“Pesquisa de Emprego e Desemprego”: dados de trabalhadoras domésticas do Recife-RMR ficam de fora

Após 18 anos de realização da Pesquisa de Emprego e Desemprego (PED) no Recife e região metropolitana, de onde se extraem dados para análises especiais, como o boletim sobre trabalho doméstico produzido pelo DIEESE, os Governos Federal e de Pernambuco cortaram o repasse do recurso que viabiliza a pesquisa. Com isso, a série histórica foi impedida de ser produzida em Pernambuco a partir de 2015.  A ausência de informações prejudica a análise sobre a situação das trabalhadoras domésticas.

Por Rivane Arantes*

O Departamento Intersindical de Estatísticas e Estudos Socioeconômicos (DIEESE), a Fundação Seade e governos estaduais lançaram na última semana o Boletim Especial sobre ”O Trabalho Doméstico”, com informações sobre a situação desta importante categoria de trabalhadoras nos mercados de trabalho do  Distrito Federal e de quatro grandes regiões metropolitanas do país – Fortaleza, Salvador, Porto Alegre e São Paulo – em razão do dia 27 de abril, em comemoração ao Dia Nacional das Trabalhadoras Domésticas.

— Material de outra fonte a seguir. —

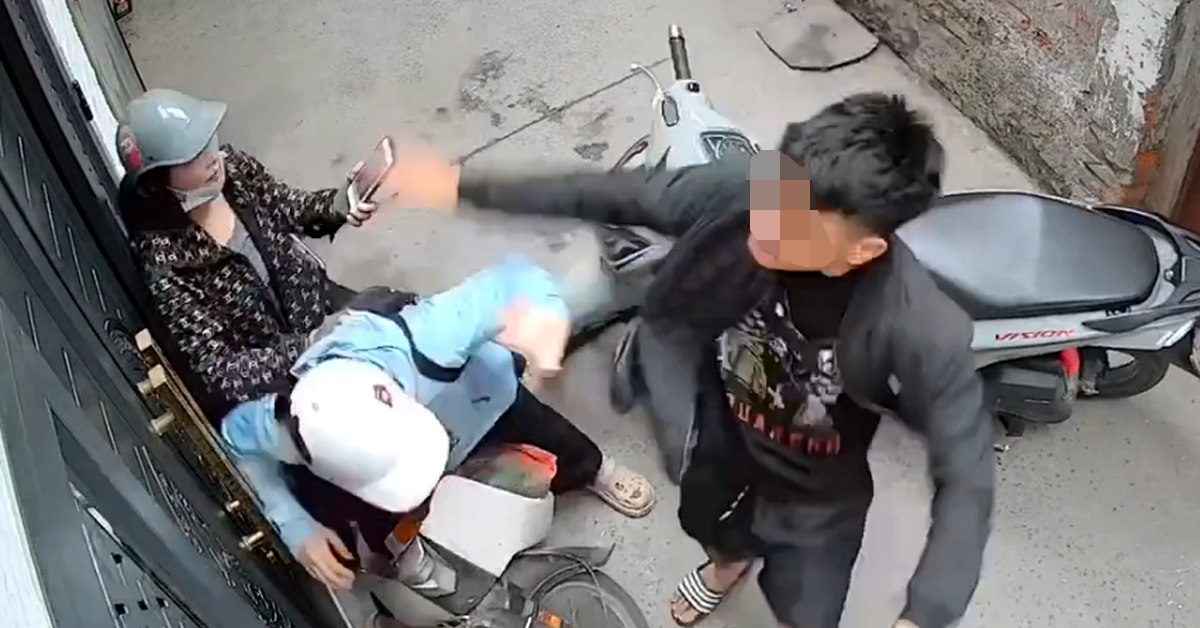 Xác minh clip nam thanh niên chặn đánh hai phụ nữ trong ngõ nhỏ ở Hà Nội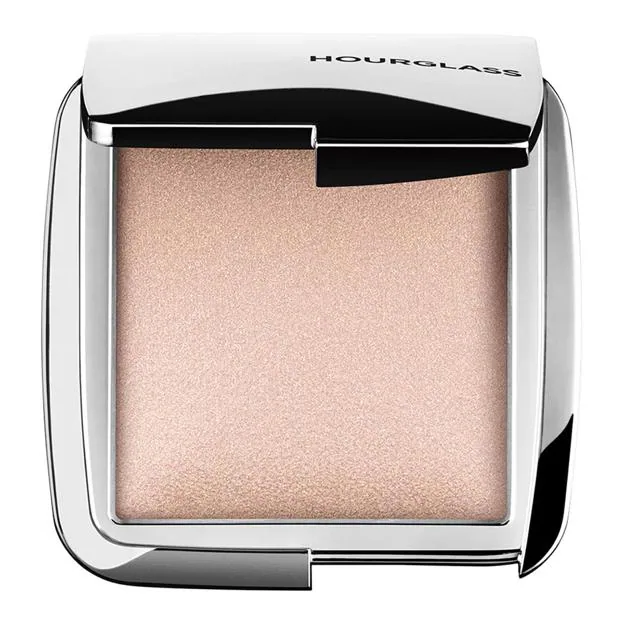 Ambient Strobe Lighting Powder de Hourglass. Precio: 30,99 euros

Entretanto, justamente neste contexto de desconstituição dos direitos da classe trabalhadora e de grande retrocesso na implementação das políticas públicas que concretizam esses direitos na vida cotidiana, no exato momento em que é fundamental a produção de informação confiável para demonstrar o que está por trás dos “golpes institucionais” e como eles nos atingem diretamente, Pernambuco se desobriga dessa tarefa e, mais uma vez, faz opção pelo obscurantismo.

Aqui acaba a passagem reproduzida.